- **EXERCISE OBJECTIVE**
Begin at the line below that has "alice cooper poison GIF". Stop after the line that has "Gesunder Lebensstil wird", repeating each line exactly and leaving out the pictures.

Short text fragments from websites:
☆ ☆ ☆

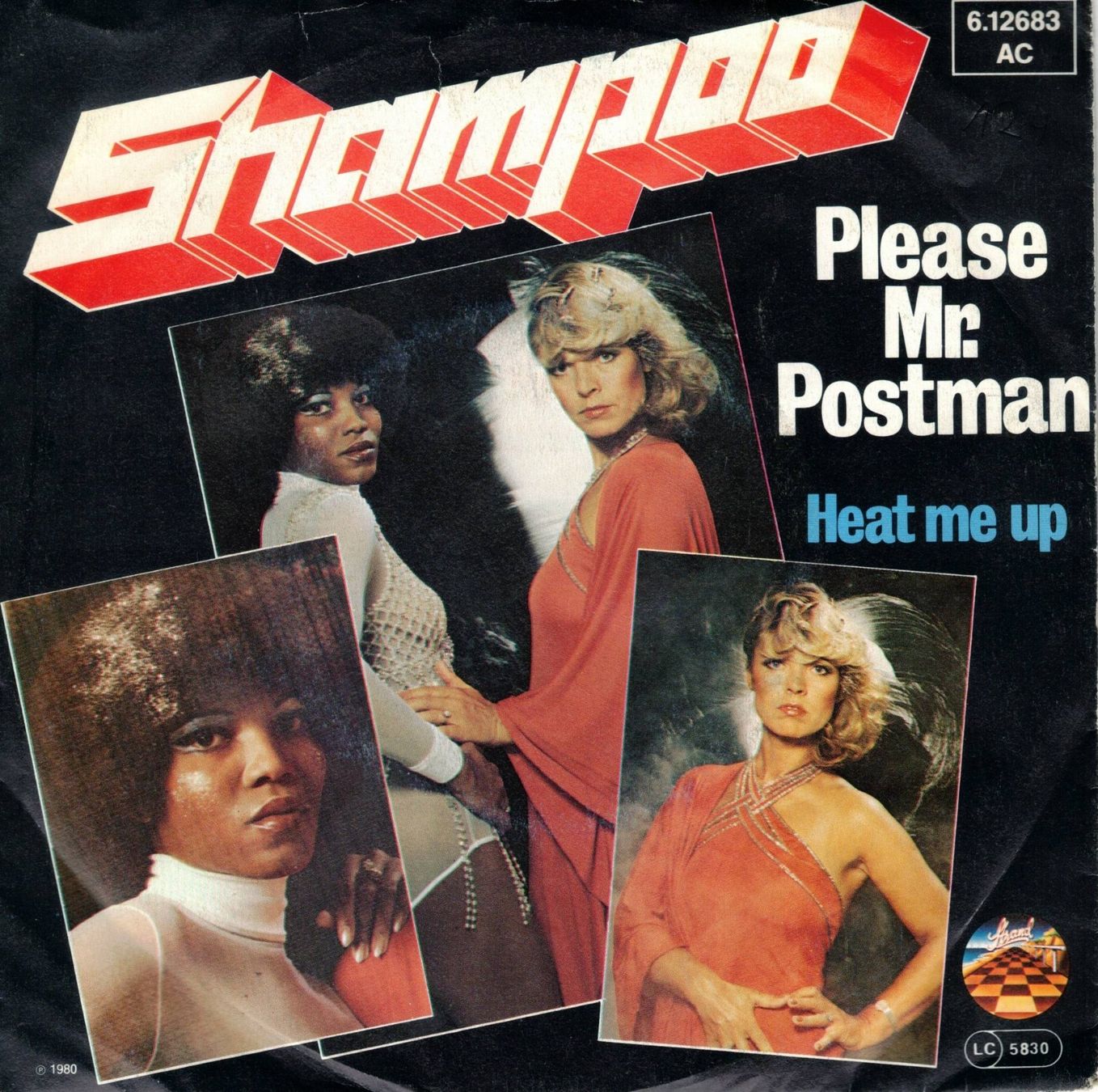 Vinyles: Shampoo  --  Plaese Mr. Postman  Single7 – D'occasion à Rheinau par asteng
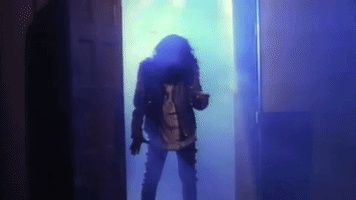 alice cooper poison GIF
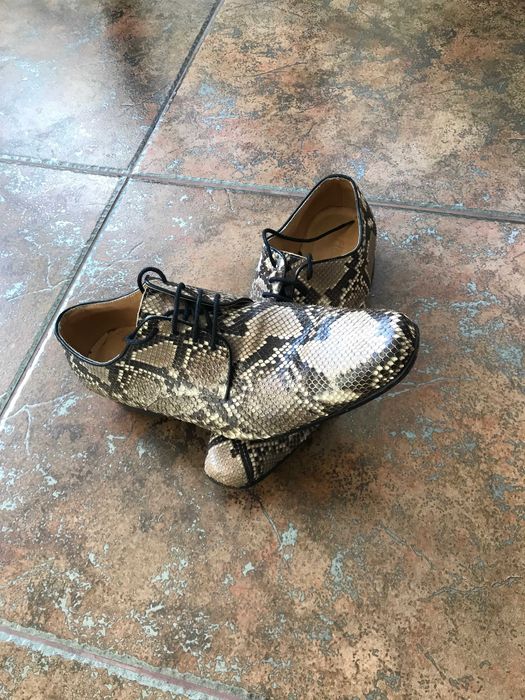 Vand pantofi eleganti piele naturala_marimea 43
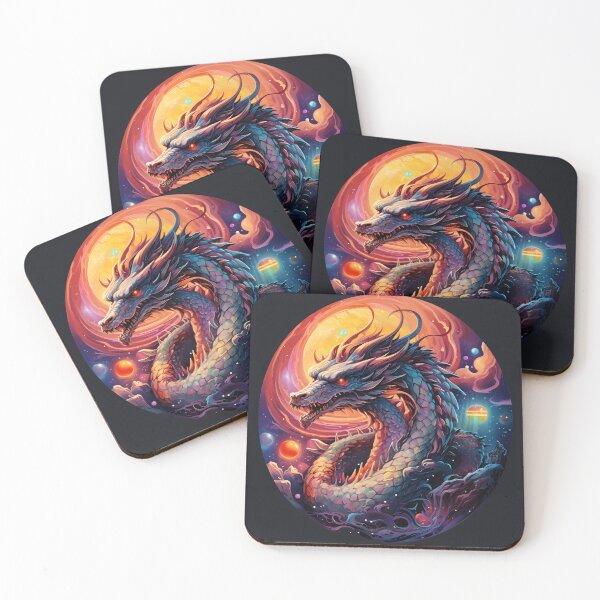 Item preview, Space dragon designed and sold by Viesii.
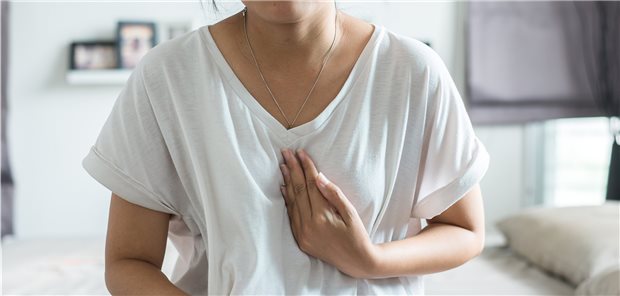 Gesunder Lebensstil wird belohnt: seltener Reflux Refluxbeschwerden: Fünf Faktoren für einen gesünderen Lebensstil gehen mit einem niedrigeren Risiko einer Refluxerkrankung einher, legt eine Studie aus den USA nahe.
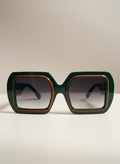 Malcolm Paull 'Dee-lite' Sunglasses - Bottle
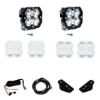 Picture of Squadron 2.0 Pro A-Pillar Light Kit - Ford 2021-26 Bronco; 2022-24 Bronco Raptor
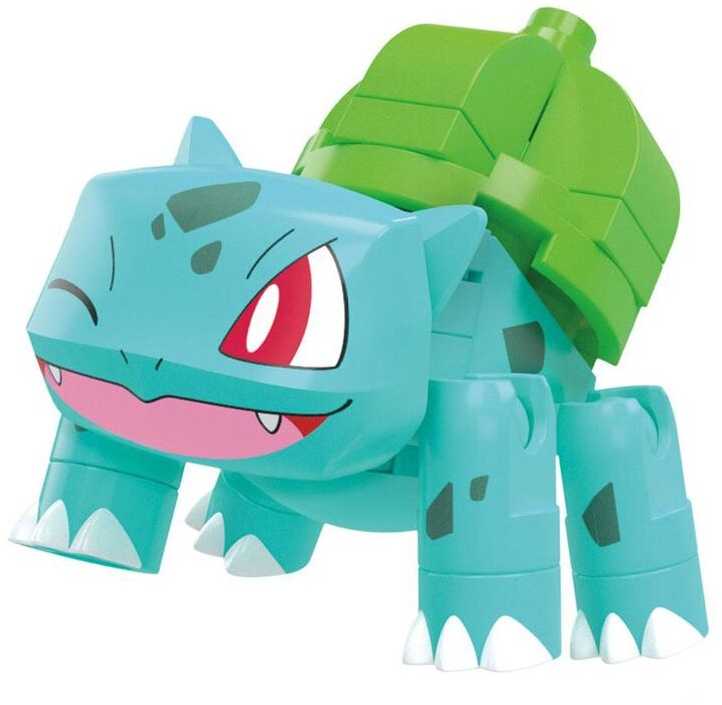 Mattel Mega Construx Blocks Pokemon Bulbasaur Forest Fun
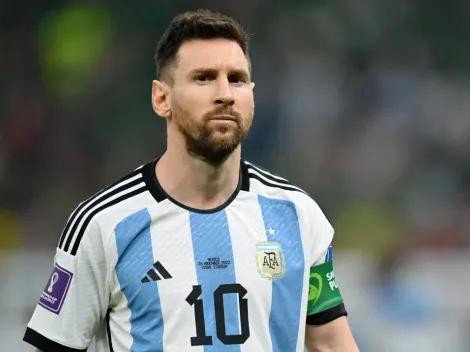 The coach who bet €2m that Messi, Argentina would win the World Cup after loss to Saudi Arabia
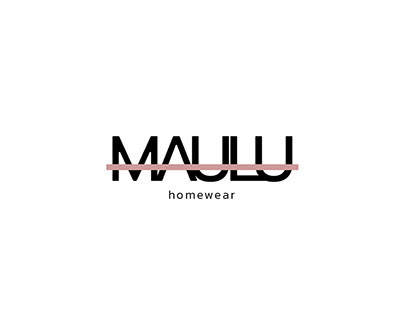 MAULU homewear (logo)
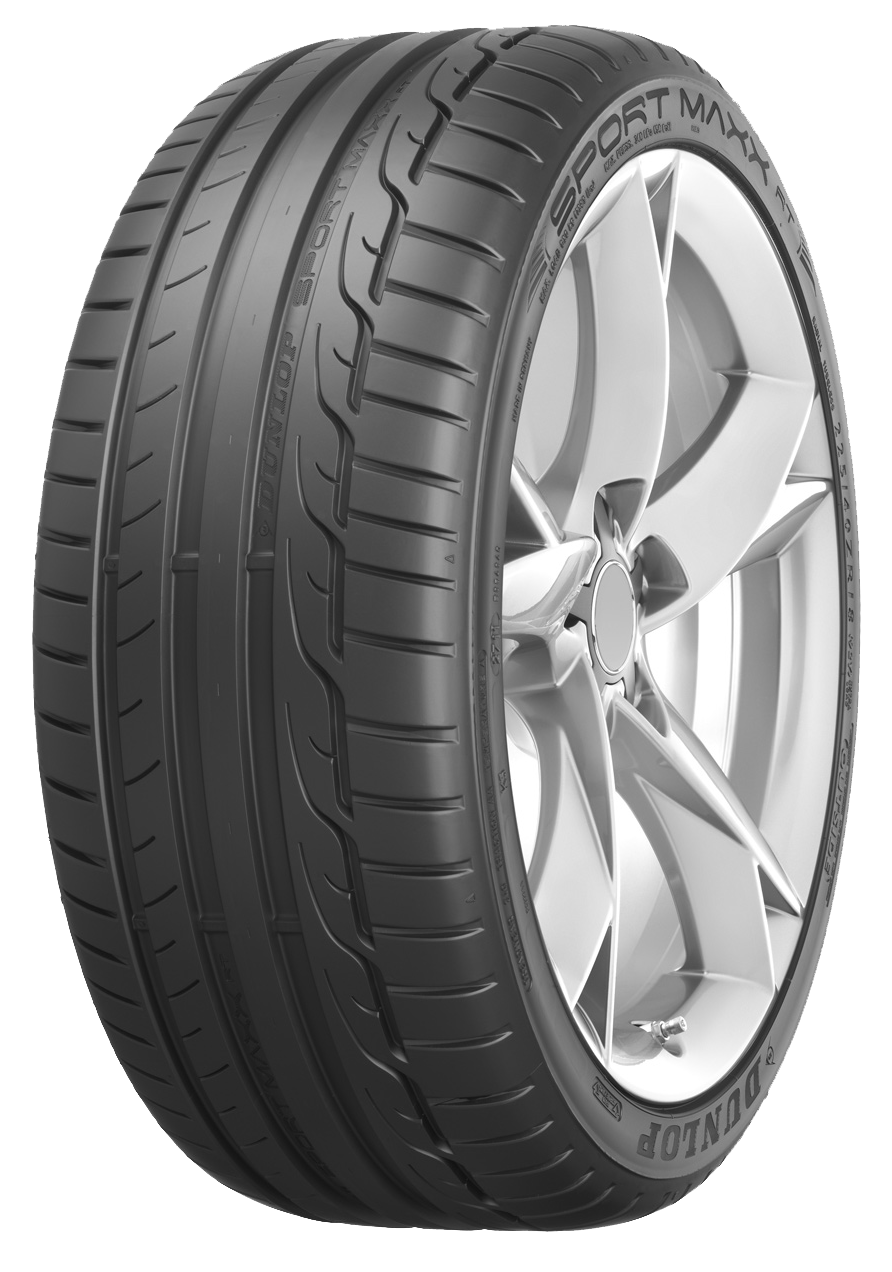 DUNLOP 255/35 ZR19 SP SportMaxx RT 96Y MO XL MFS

☆ ☆ ☆

- **COMPLETED TASK**
 alice cooper poison GIF
 Vand pantofi eleganti piele naturala_marimea 43
 Item preview, Space dragon designed and sold by Viesii.
 Gesunder Lebensstil wird belohnt: seltener Reflux Refluxbeschwerden: Fünf Faktoren für einen gesünderen Lebensstil gehen mit einem niedrigeren Risiko einer Refluxerkrankung einher, legt eine Studie aus den USA nahe.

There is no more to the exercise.